Es steht der Obmannwechsel im Kontrollausschuss bevor. Ein etwas komplizierte Situation, da ja GR Depaoli keinen Sitz im Ausschuss hat und eine der "größeren" Parteien einen Sitz freimachen müsste. Wie sehe Sie die Situation?
Die Kontrolle der Finanzgebahrungen und damit die ordnungsgemäße Verwendung von Steuergeldern braucht eine ernsthafte, seriöse Beschäftigung mit der Materie. Das Ziel ist Fehler oder Missstände aufzudecken, um diese in Zukunft zu vermeiden. Populismus und Scheiterhaufenpolitik, um die eigene Personenmarke zu stärken, sind dieser Sachpolitik abträglich. Ich bin seit drei Jahren stellvertretende Vorsitzende, kenne die Abläufe gut und bewerbe mich für den Vorsitz. Eine verstärkte Zusammenarbeit der Opposition um Fragen zu bündeln, wäre eine Weiterentwicklung und Effizienzsteigerung des Ausschusses, die ich forcieren werde.
Die Vereinbarung von 2018 sieht vor, dass die zwei zusätzlichen Ausschusssitze zwischen den Einmannfraktionen und NEOS aufzuteilen sind und daraus ein Vorsitz gewählt wird. Eine Neubewertung der Situation nach drei Jahren Gemeinderatsarbeit halte ich für notwendig und angemessen. Die Gespräche für den Vorsitzwechsel zwischen den Einmannfraktionen und uns, haben gerade begonnen.

Passend zum Thema Kontrollausschuss, wie sehen die NEOS das Thema Finanzen und Stadt Innsbruck?

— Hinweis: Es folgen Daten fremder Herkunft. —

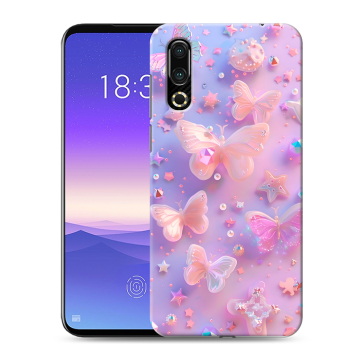 Пластиковый чехол на Meizu 16s с принтом Бабочки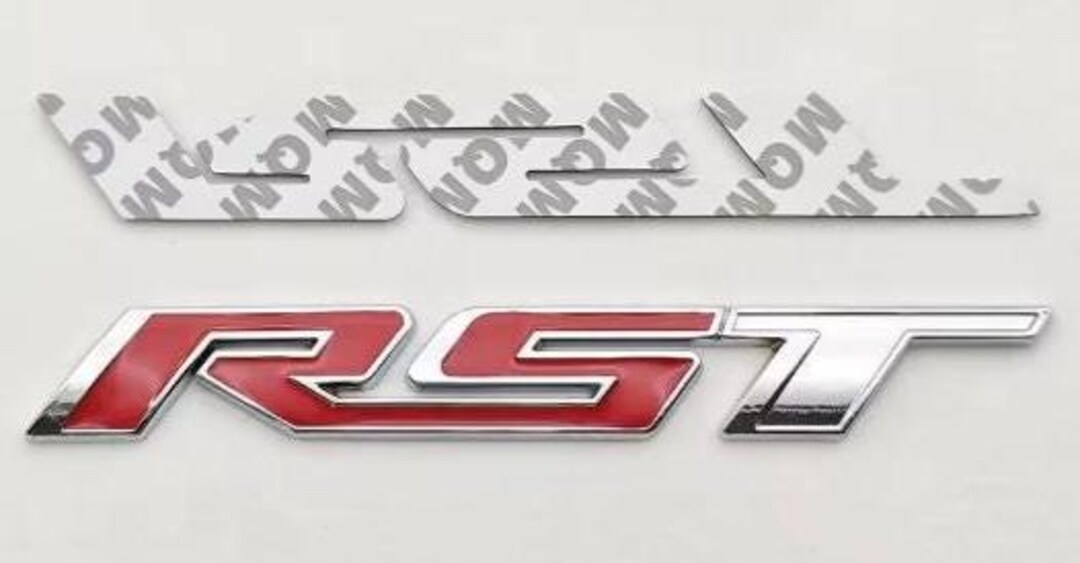 Red Rst Emblem 3D Metal RST Logo Emblem Badge for Chevrolet Front Grill Trunk Fender ...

Die finanzielle Lage der Stadt ist und war schon vor Corona angespannt. Viele Herausforderungen wurden in die Zukunft verschoben. Der Schuldenrucksack für die nächsten Generationen ist immer schwerer geworden. Die Stadt ist hier in der Verantwortung, den nächsten Generationen eine gewisse finanzielle Bewegungsfreiheit zu ermöglichen. Dringend notwendig ist eine mittel- und langfristige Strategie, wie wir die Schulden der Großprojekte zurückzahlen wollen. Wir fordern seit drei Jahren, eine Finanzfahrplan, auf den warten bis heute! Was das Budget betrifft, erwarten wir uns von Bürgermeister Georg Willi, dass er dieses nach den gesetzlichen Vorgaben erstellt und kein - salopp gesagt "Märchenbuch" - vorlegt. Wir müssen den Zahlen vertrauen können. Diese Vertrauen wurde in den letzten Monaten durch die fehlenden 4 Mio. für Mitarbeiterinnen oder den nicht budgetierten Kosten für den MCI Vergleich und anderen Unstimmigkeiten stark erschüttert. Es braucht volle Transparenz und Nachvollziehbarkeit!

Welche besonderen Schwerpunkte stehen für die NEOS politisch in den nächsten Wochen im Mittelpunkt?
Eine rasche, großflächige Impfung ist unsere einzige Chance im Herbst wieder ein halbwegs normales Leben leben zu können. Wir müssen als Stadt beim Land Druck machen, dass wir hier schneller weiter kommen, als bisher. Die Umsetzung des Wirtschaftspakets und eine Investition in die Aufenthaltsqualität in der Stadt braucht es dringend. Wir müssen bis zum Sommer die PS auf den Boden bringen, damit die Wirtschaft wieder durchstarten kann. Parallel würden wir einen starken Fokus auf Ansiedlungspolitik legen, besonders in den Gewerbegebieten auch auf Aufwertung setzen. In den nächsten Monaten werden wir einen Sozialfahrplan brauchen, der die sozialen Folgen, die Corona durch Arbeitslosigkeit oder Kurzarbeit hervorgerufen hat und noch wird, abzufedern. Darauf sind wir aktuell noch nicht ausreichend vorbereitet.